1. Academic Validation
  2. Catecholaminergic polymorphic ventricular tachycardia

Catecholaminergic polymorphic ventricular tachycardia

  • Herz. 2007 May;32(3):212-7. doi: 10.1007/s00059-007-2975-2.
Nian Liu 1 Barbara Colombi Emilia V Raytcheva-Buono Raffaella Bloise Silvia G Priori
Affiliations

Affiliation

  • 1 Molecular Cardiology, Fondazione Salvatore Maugeri, Pavia, Italy.
Abstract

Catecholaminergic polymorphic ventricular tachycardia (CPVT) is a highly lethal form of inherited arrhythmogenic disease characterized by adrenergically mediated polymorphic ventricular tachycardia. The mutations in cardiac ryanodine receptor and calsequestrin genes are responsible for the autosomal dominant and recessive variants of CPVT, respectively.
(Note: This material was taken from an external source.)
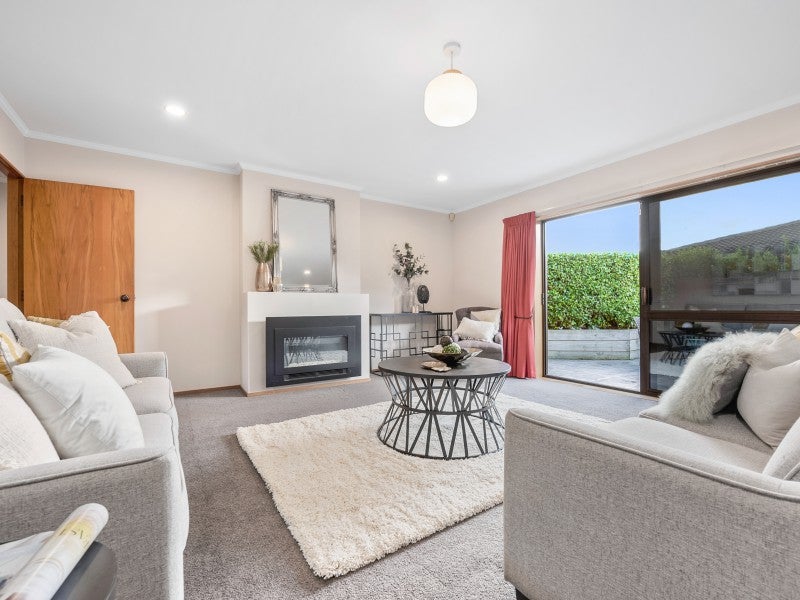 2/10 Bellevue Road, Woburn, Lower Hutt - Carousel 2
The clinical presentation encompasses exercise- or emotion-induced syncopal events and a distinctive pattern of reproducible, stress-related, bidirectional ventricular tachycardia in the absence of both structural heart disease and a prolonged QT interval. The mortality rate in untreated individuals is 30-50% by age 40. Clinical evaluation by exercise stress testing and holter monitoring and genetic screening can facilitate early diagnosis. beta-adrenergic blockers are the most effective pharmacological treatment in controlling arrhythmias in CPVT patients, yet about 30% of patients still experience cardiac arrhythmias and eventually require an implantable cardioverter defibrillator.